The MIB-1 labeling index increases with WHO grade : 1.00-1.35% for grade I, to 1.90-9.30% for grade II or atypical, and 5.60-19.5% for grade III1,3,5,21). Moreover, a higher MIB-1 labeling index is related to meningioma recurrence5,21,24,26). However, other studies have refuted these relationships between MIB-1 labeling index and the clinical features of meningiomas11,23,25). In this series, the average MIB-1 labeling index in cases with recurrence was higher than cases without recurrence, but failed to reach statistical significance. Focusing on incompletely resected cases, the gap of MIB-1 labeling index between the groups with recurrence and without recurrence widened, but it also failed to reach statistical significance. However, the only case with the development of leptomeningeal seeding after resection surgery was the case with the highest MIB-1 labeling index. Because of the small number of cases, it is hasty to conclude the clinical meaning of MIB-1 labeling index in this study. Accumulation of more clinical experience is demanded to so that this issue can be clarified.

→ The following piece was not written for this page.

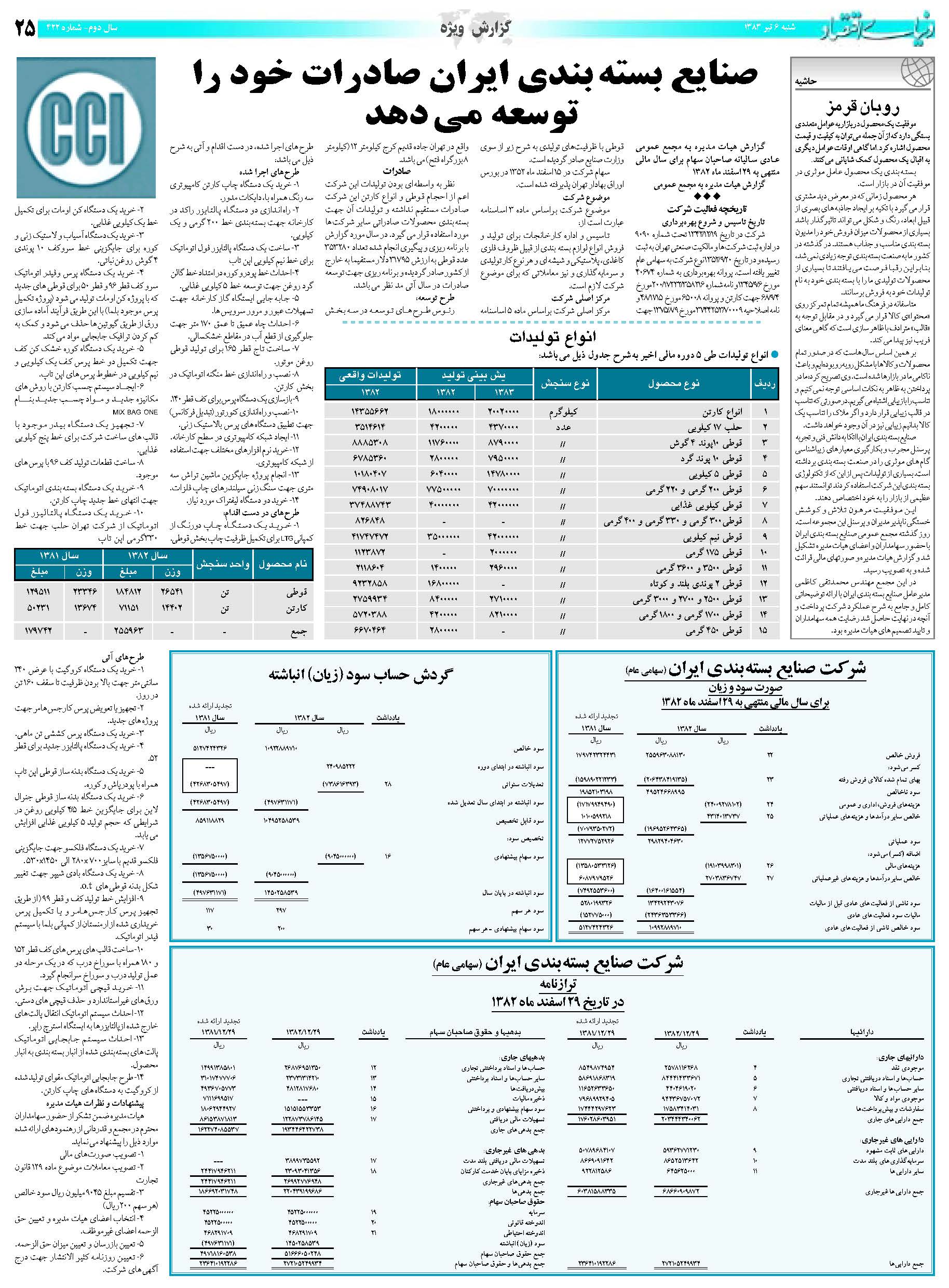 422_Page_25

The MIB-1 labeling index for CM in this series was quite variable, at 1.0-26.6%. This indicates that biological nature may be diverse even within the single pathological disease entity of CM. As a result, the MIB-1 labeling index may provide more information about biological features and the prognosis for each CM case.

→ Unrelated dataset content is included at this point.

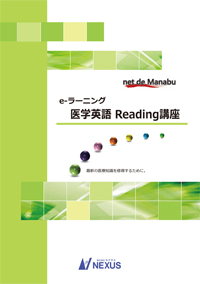 医学英語 Reading講座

Interestingly, two patients underwent brain MRIs at 20 and 28 months before diagnosis. We made inferences from the MRIs and the minimum growth rates in these two patients were faster than the previously reported growth rates for benign or incidentally found meningiomas9,27). However, this inference was based on only two cases of CM. It seems to be wise to avoid hasty generalizations.

Recently, some have suggested downgrading CM in the WHO classification unless poor prognostic factors are found. In our experience, this suggestion seems to result from the wide spectrum of biological characteristics within this single disease entity. However, regarding our series, with the high recurrence rate, especially in the non-adjuvant radiation therapy group, the possibility of leptomeningeal seeding, the relatively high growth rate, and high MIB-1 labeling index in some cases, it is difficult to argue that CM is a benign meningioma.

There are some limitations to our study; the number of patients was not sufficient to determine biological or clinical characteristics. Additionally, potential biases may exist, because of the collected clinical data being reviewed retrospectively. Because of the rarity of CM, a multicenter prospective randomized study is required to clarify the various controversies that have been noted previously.

CONCLUSION

The CM is difficult to manage and has a high recurrence rate. In our series, complete total resection of the tumor was the key determinant for better outcomes. Adjuvant radiation therapy is recommended if Simpson grade I resection was not archived.